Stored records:
● ● ● ● ● ● ●
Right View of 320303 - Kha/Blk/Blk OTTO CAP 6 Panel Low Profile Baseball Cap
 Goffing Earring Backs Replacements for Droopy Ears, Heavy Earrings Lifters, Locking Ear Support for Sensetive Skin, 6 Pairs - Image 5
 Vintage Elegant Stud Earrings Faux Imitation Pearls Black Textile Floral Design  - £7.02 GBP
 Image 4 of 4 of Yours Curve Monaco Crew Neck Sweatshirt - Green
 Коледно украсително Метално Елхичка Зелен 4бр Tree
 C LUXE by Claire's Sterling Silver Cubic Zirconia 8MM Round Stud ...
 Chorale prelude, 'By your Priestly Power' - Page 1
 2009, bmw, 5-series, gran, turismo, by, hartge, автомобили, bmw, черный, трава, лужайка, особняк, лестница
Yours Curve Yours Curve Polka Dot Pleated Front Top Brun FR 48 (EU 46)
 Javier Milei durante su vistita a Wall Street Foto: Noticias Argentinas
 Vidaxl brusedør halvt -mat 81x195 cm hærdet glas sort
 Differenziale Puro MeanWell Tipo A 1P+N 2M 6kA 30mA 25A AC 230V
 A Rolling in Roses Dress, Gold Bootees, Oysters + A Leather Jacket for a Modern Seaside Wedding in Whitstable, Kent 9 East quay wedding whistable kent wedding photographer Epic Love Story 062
● ● ● ● ● ● ●
- YOUR OBJECTIVE -
Once the line with "Коледно украсително Метално" is found, transcribe it and each line after it through the final line of the entries, exactly and only.

- WRITTEN RESPONSE -
 Коледно украсително Метално Елхичка Зелен 4бр Tree
 C LUXE by Claire's Sterling Silver Cubic Zirconia 8MM Round Stud ...
 Chorale prelude, 'By your Priestly Power' - Page 1
 2009, bmw, 5-series, gran, turismo, by, hartge, автомобили, bmw, черный, трава, лужайка, особняк, лестница
Yours Curve Yours Curve Polka Dot Pleated Front Top Brun FR 48 (EU 46)
 Javier Milei durante su vistita a Wall Street Foto: Noticias Argentinas
 Vidaxl brusedør halvt -mat 81x195 cm hærdet glas sort
 Differenziale Puro MeanWell Tipo A 1P+N 2M 6kA 30mA 25A AC 230V
 A Rolling in Roses Dress, Gold Bootees, Oysters + A Leather Jacket for a Modern Seaside Wedding in Whitstable, Kent 9 East quay wedding whistable kent wedding photographer Epic Love Story 062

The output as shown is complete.